Verhaltensbiologie, Freie Universität Berlin, Takustrasse 6, 14195 Berlin, Germany.
BMC Biol. 2013 Jan 8;11:1. doi: 10.1186/1741-7007-11-1.
Like human infants, songbirds learn their species-specific vocalizations through imitation learning. The birdsong system has emerged as a widely used experimental animal model for understanding the underlying neural mechanisms responsible for vocal production learning. However, how neural impulses are translated into the precise motor behavior of the complex vocal organ (syrinx) to create song is poorly understood. First and foremost, we lack a detailed understanding of syringeal morphology.
To fill this gap we combined non-invasive (high-field magnetic resonance imaging and micro-computed tomography) and invasive techniques (histology and micro-dissection) to construct the annotated high-resolution three-dimensional dataset, or morphome, of the zebra finch (Taeniopygia guttata) syrinx. We identified and annotated syringeal cartilage, bone and musculature in situ in unprecedented detail. We provide interactive three-dimensional models that greatly improve the communication of complex morphological data and our understanding of syringeal function in general.
Our results show that the syringeal skeleton is optimized for low weight driven by physiological constraints on song production. The present refinement of muscle organization and identity elucidates how apposed muscles actuate different syringeal elements. Our dataset allows for more precise predictions about muscle co-activation and synergies and has important implications for muscle activity and stimulation experiments. We also demonstrate how the syrinx can be stabilized during song to reduce mechanical noise and, as such, enhance repetitive execution of stereotypic motor patterns. In addition, we identify a cartilaginous structure suited to play a crucial role in the uncoupling of sound frequency and amplitude control, which permits a novel explanation of the evolutionary success of songbirds.
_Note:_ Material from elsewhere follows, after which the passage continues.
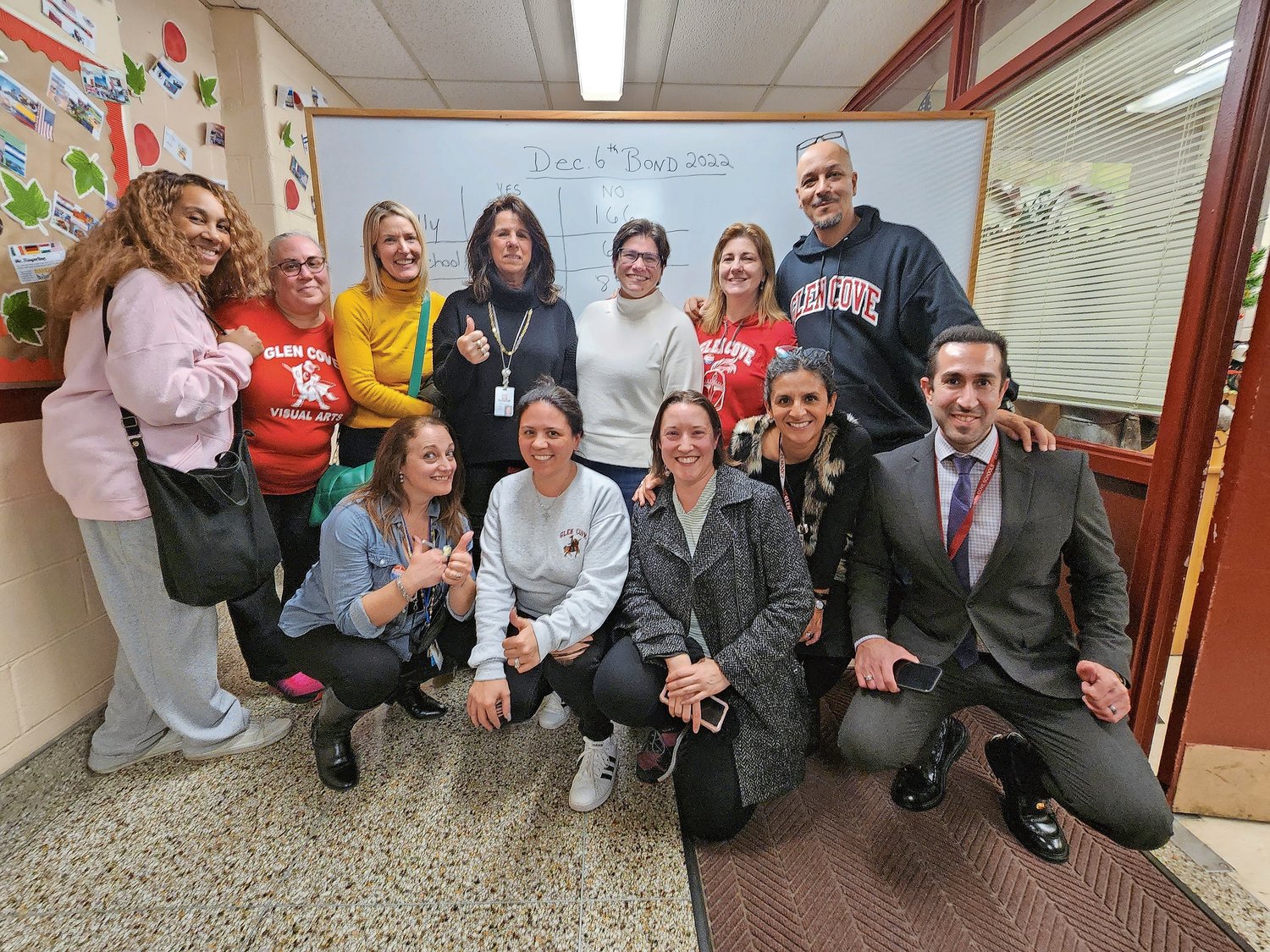 After tears of joy and many hugs, education board members and school officials gathered to celebrate the results of the 2022 bond referendum, which will provide nearly $31 million to the Glen Cove City School District.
与人类婴儿一样,鸣禽通过模仿学习来学习其特定物种的叫声。鸟类鸣叫系统已成为一种广泛使用的实验动物模型,用于理解负责发声学习的潜在神经机制。然而,神经冲动如何转化为复杂发声器官(鸣管)的精确运动行为以产生鸣叫声,这一点我们还知之甚少。首先,我们对鸣管的形态缺乏详细的了解。
为了填补这一空白,我们结合了非侵入性(高磁场磁共振成像和微计算机断层扫描)和侵入性技术(组织学和微解剖),构建了斑马雀(Taeniopygia guttata)鸣管的注释高分辨率三维数据集,或形态组。我们以前所未有的细节原位识别和注释了鸣管软骨、骨骼和肌肉。我们提供了交互式三维模型,极大地改善了复杂形态数据的交流,并提高了我们对鸣管功能的总体理解。
我们的研究结果表明,鸣管骨骼的优化是为了满足歌唱产生的生理限制而降低重量。目前肌肉组织和身份的细化阐明了拮抗肌如何驱动不同鸣管元素的运动。我们的数据集可以更精确地预测肌肉的协同激活和协同作用,并对肌肉活动和刺激实验具有重要意义。我们还展示了鸣管如何在歌唱过程中稳定下来,以减少机械噪音,从而增强了刻板运动模式的重复执行。此外,我们确定了一个适合在声音频率和幅度控制解耦中发挥关键作用的软骨结构,这为鸣禽的进化成功提供了一个新的解释。